One of our members mentioned the word “hubris” last time in connection with Weston. Today I came across a blog entry titled, “Scientism, Secular Humanism, Hubris“, in which the writer how closely connected are these three ideas.
The Wikipedia entry on scientism points out how similar scientism is to a kind of religion:
The Persian scholar Seyyed Hossein Nasr, commented that in the West, many will accept the ideology of modern science, not as “simple ordinary science”, but as a replacement for religion.
CS Lewis understood that scientism is a kind of competing religion. Unlike Lewis’ Christianity, however, scientism does not bring love, joy, power, peace, awe, wonder, admiration, poetry, to the human spirit.
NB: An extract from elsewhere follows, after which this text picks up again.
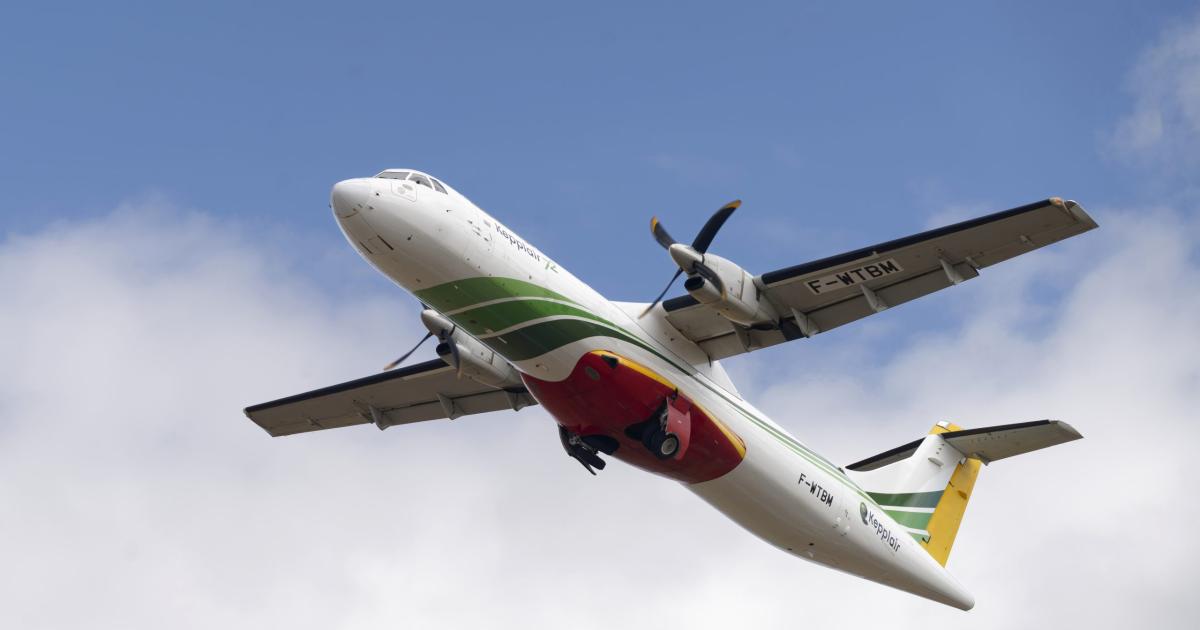 ATR 72 in flight, Kepplair livery stripes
It is not a coincidence that in Perelandra the Un-Man takes Weston’s physical form. Ransom, who we might take to be Lewis himself, fights Weston, i.e. Christianity in the form of its present, living believers fights against scientism.
By the way, this blog entry calls Stephen Hawking the Grand High Priest of Scientism, mockingly identifying scientism as a religion.
The same blog entry points out the important consequences of scientism:
We have to tell our grandchildren that they have no soul, no higher purpose in life, that they are just a mix-up of chemicals. They are not the gift of God, but rather, worthless trash destined to die in a dying universe.
Ayn Rand took up arms against the very same beliefs, and for the same reason: she saw the terrible and terrifying consequences of these beliefs on the human spirit and mind, especially the minds of the young. And yet Rand was not a believer in any religion. In fact, she was very strongly anti-religious for the latter part of her life.